On August 2, 2024, the Farm Credit Intervenors (three organizations who long ago intervened as plaintiffs in order to take advantage of a preliminary injunction against the CFPB granted to the original plaintiffs based on the Fifth Circuit’s opinion in CFSA v. CFPB) filed a motion to amend their complaint in intervention. On that same date, the Farm Credit Intervenors filed a motion for judgment on the pleadings. Both the amended complaint and the motion for judgment on the pleadings argued that the 1071 Rule is invalid because the development and promulgation of the Rule was unlawfully funded from the Federal Reserve Board because there was no “combined earnings of the Federal Reserve System” after September 2022 and the CFPB must, under the Dodd-Frank Act, be funded out of such “combined earnings.”

As a result of the fact that these motions were still pending before the district court, none of the plaintiffs had the right to appeal the judgment against them to the United States Court of Appeals for the Fifth Circuit. However, on September 13, the Farm Credit Intervenors dismissed without prejudice their pending motions to amend the complaint and for judgment on the pleadings with respect to the CFPB funding issue. As a result of that development, we can expect that the plaintiffs will very soon file a notice of appeal to the Fifth Circuit with respect to the judgment against them pertaining to the 1071 Rule.

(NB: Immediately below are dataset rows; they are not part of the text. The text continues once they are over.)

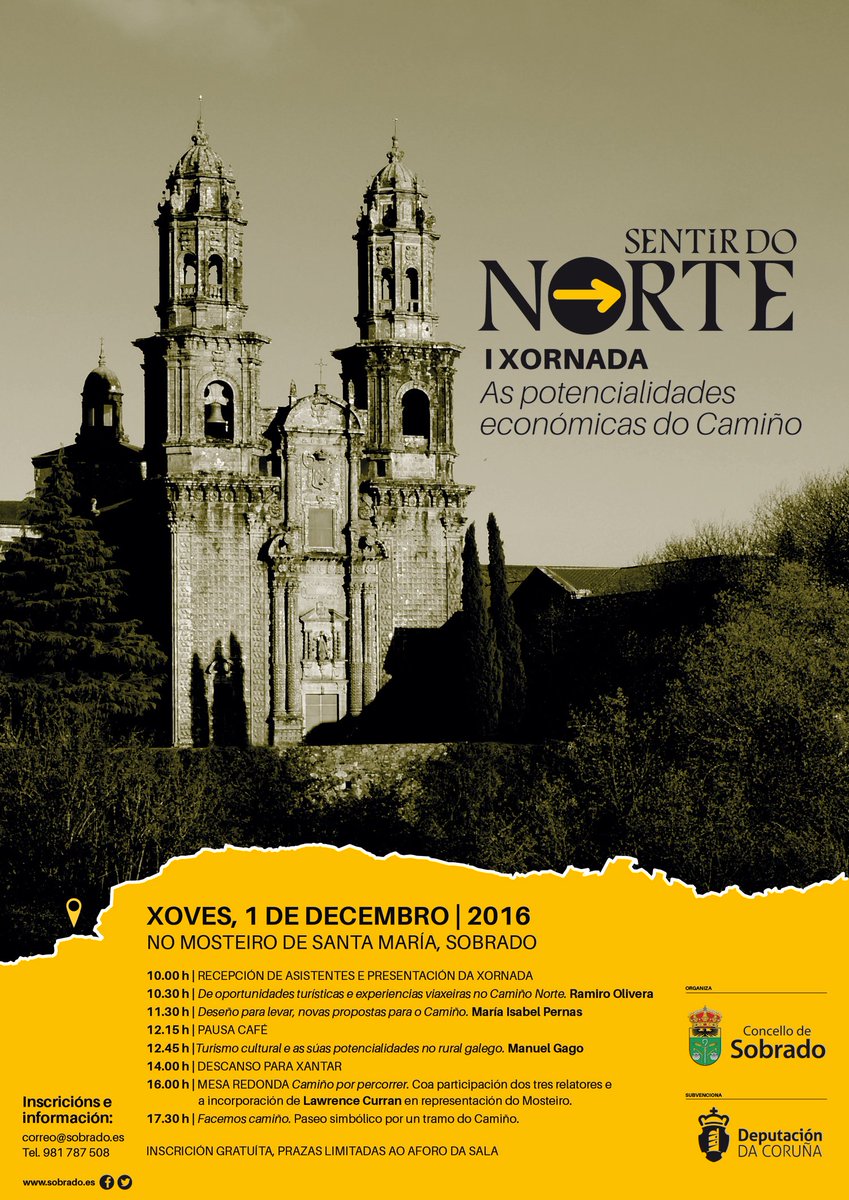 Concello de Sobrado (@concsobrado) on Twitter photo Convidámosvos a participar na I Xornada de #SentirdoNorte, 1 de decembro. Inscrición gratuíta: correo@sobrado.es Convidámosvos a participar na I Xornada de #SentirdoNorte, 1 de decembro. Inscrición gratuíta: correo@sobrado.es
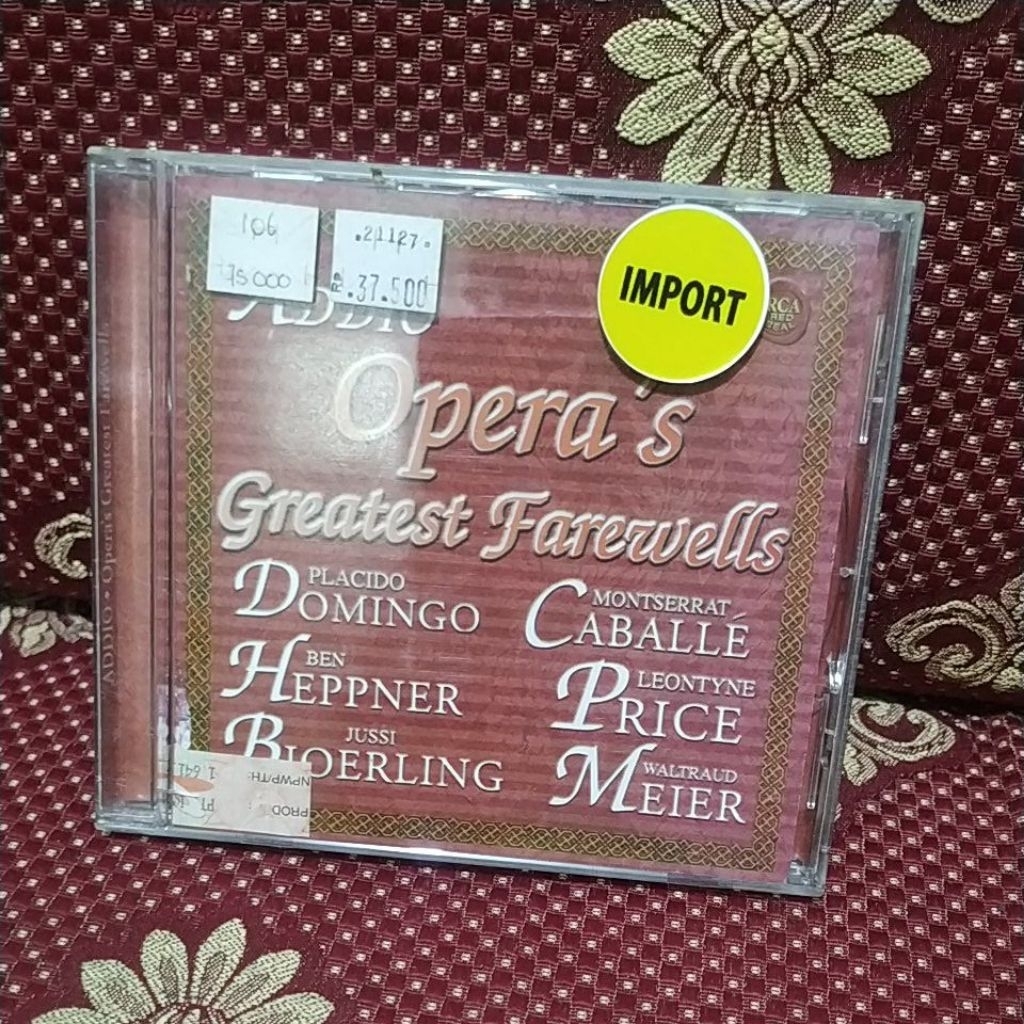 kaset cd import addio opera's greatest farewells
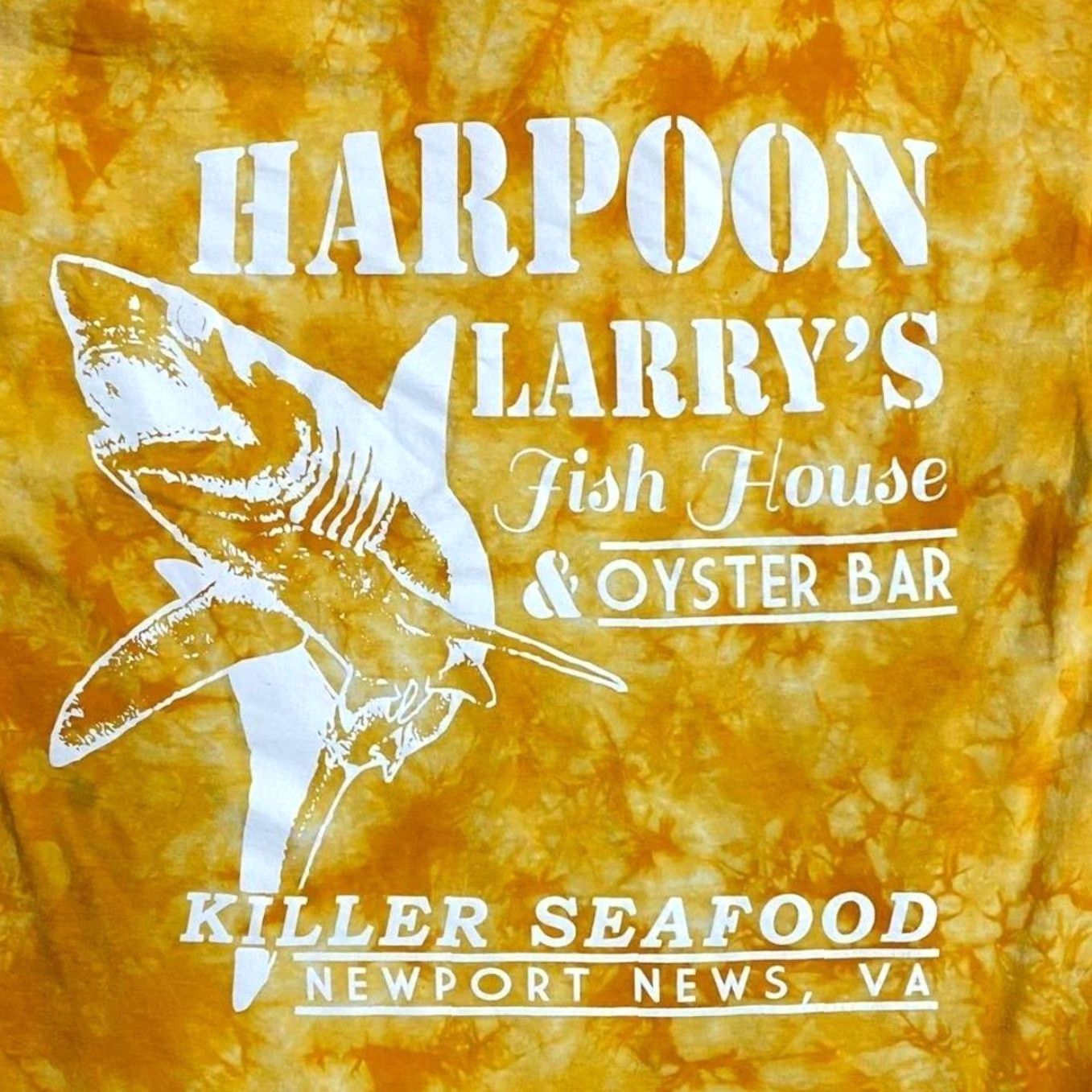 Vintage Harpoon Larry's Fish House & Oyster Bar “Killer Seafood” Tie Dye T-Shirt S Mens Yellow Short Sleeve Graphic front back 90s? Size US S / EU 44-46 / 1 - 3 Thumbnail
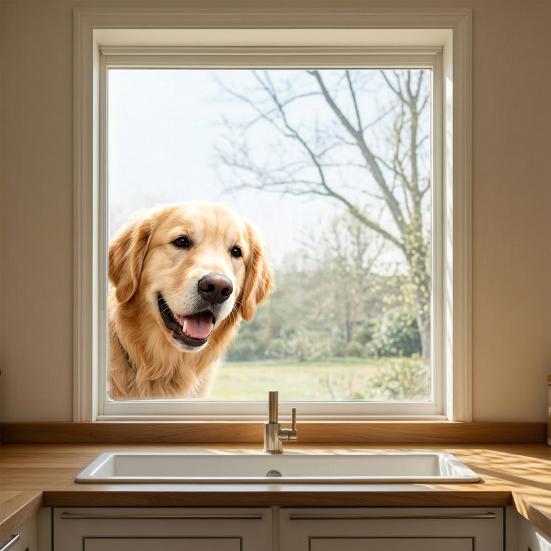 Cute Dog Peeking Window Sticker, Funny Animal Static Window Cling, Removable Double Sided Glass Decal for Room Office Home Decoration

As a result of the Farm Credit Intervenors withdrawing their motions, we are not aware of any instance where a challenge has been made to a CFPB regulation based on the claim that the CFPB has been unlawfully funded after September, 2022.  In the meantime, there are five CFPB enforcement matters in which the unlawful funding issue has already been raised, including two cases that have been fully briefed.